ERROR: couldn’t get response from all shards: convergeClusterWithTimeout:

An error appeared when creating a backup

2021-06-01T17:44:24Z 0.00B [ERROR: couldn’t get response from all shards: convergeClusterWithTimeout: reached converge timeout] [2021-06-01T17:45:16]

pbm-agent v1.4.1

What can cause such an error and how to fix what would not appear in the future?

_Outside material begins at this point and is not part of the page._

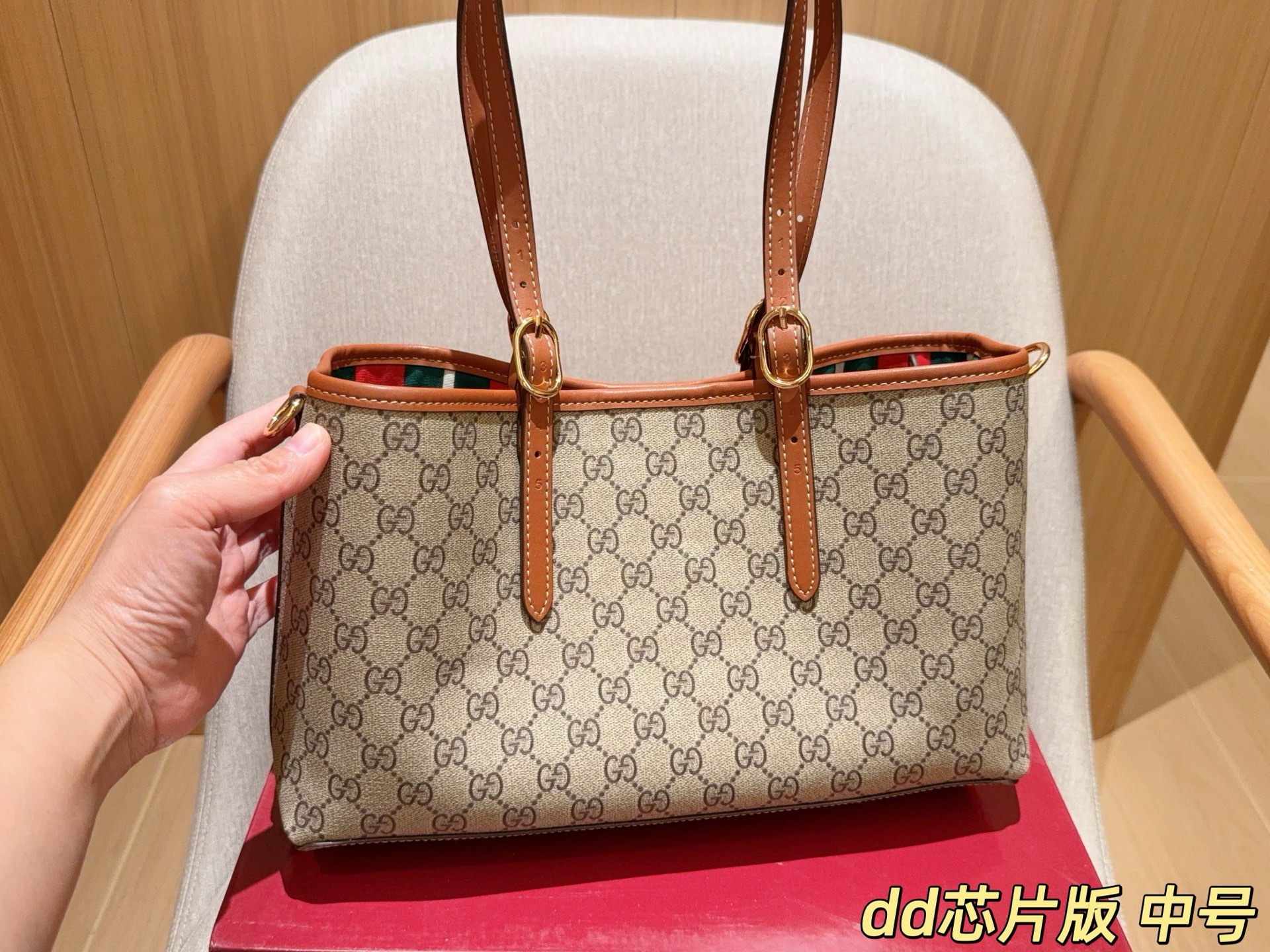 Chip version Large Gucci GG Emblem series presbyopia Underarm BagShopping Bagtot - Image 4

Ato backup is done according to the schedule and I think that it did, but in fact it did not.

1 Like

Hi, have you checked that all the cluster members have pbm-agent running properly?

1 Like

All participants have pbm-agent v1.4.1 OK status

What to do?

1 Like

Hi, have you done any changes to the cluster after starting the pbm-agent? like adding a new shard? Can you try a restart of the agent everywhere just in case?
Also what is the connection string you are using for the agent?

1 Like

After restarting pbm-agent on all nodes, the backup passed.
But how to track whether pbm-agent is operational on all nodes? When the status shows pbm-agent v1.4.1 OK status for all nodes

1 Like

Glad to hear that solved it. The agent will alert if it cannot connect, but even if the agent is up and running, backups might fail for different reasons. What I recommend is monitor the backup output to check for any errors.

1 Like